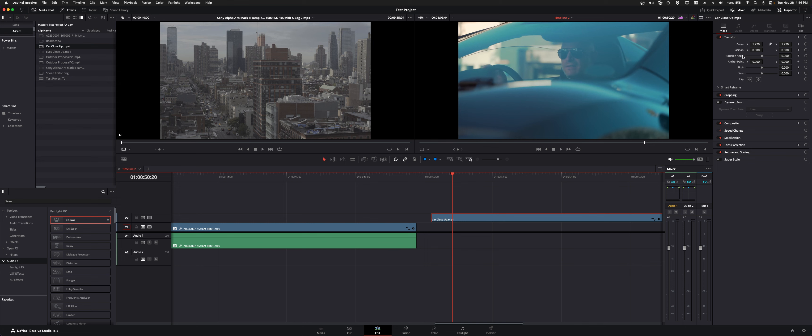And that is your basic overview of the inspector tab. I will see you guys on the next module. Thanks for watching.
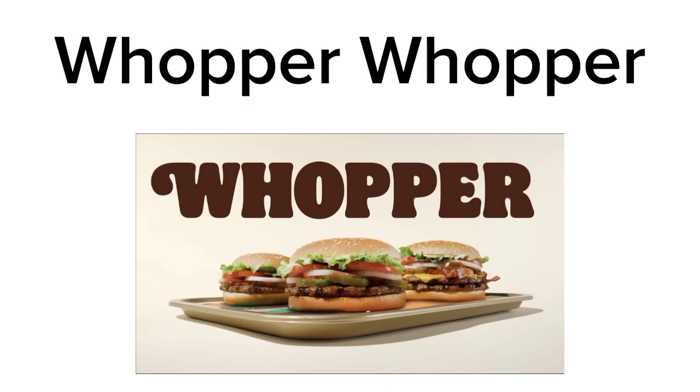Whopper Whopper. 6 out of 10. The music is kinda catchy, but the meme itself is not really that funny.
* * *
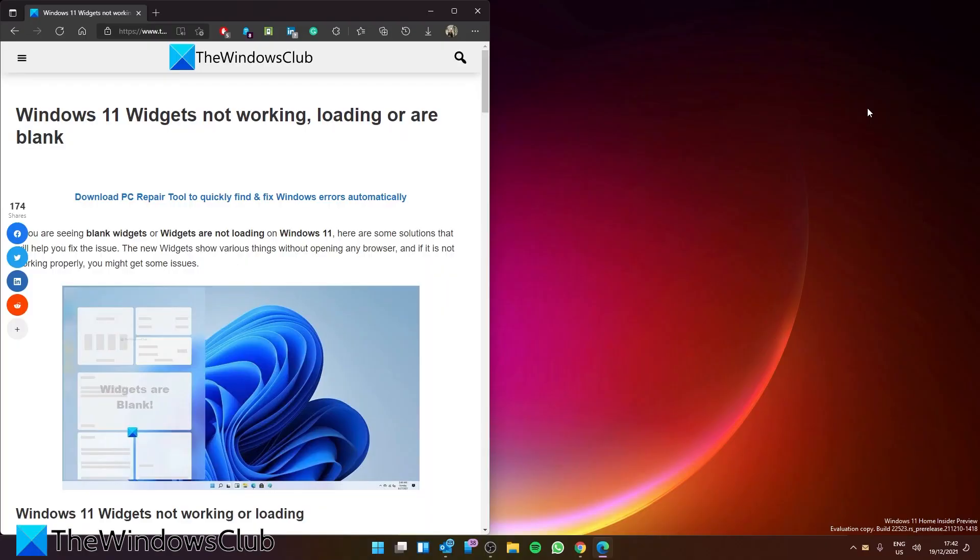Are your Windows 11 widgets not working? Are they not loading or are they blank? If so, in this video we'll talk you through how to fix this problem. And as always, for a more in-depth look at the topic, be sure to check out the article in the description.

Problem statement: With the pictures removed, print only the lines starting at the line that has "And that is" and ending at the line that has "Whopper Whopper. 6", both ends included, exactly as they stand above.

Answer below:
And that is your basic overview of the inspector tab. I will see you guys on the next module. Thanks for watching.
Whopper Whopper. 6 out of 10. The music is kinda catchy, but the meme itself is not really that funny.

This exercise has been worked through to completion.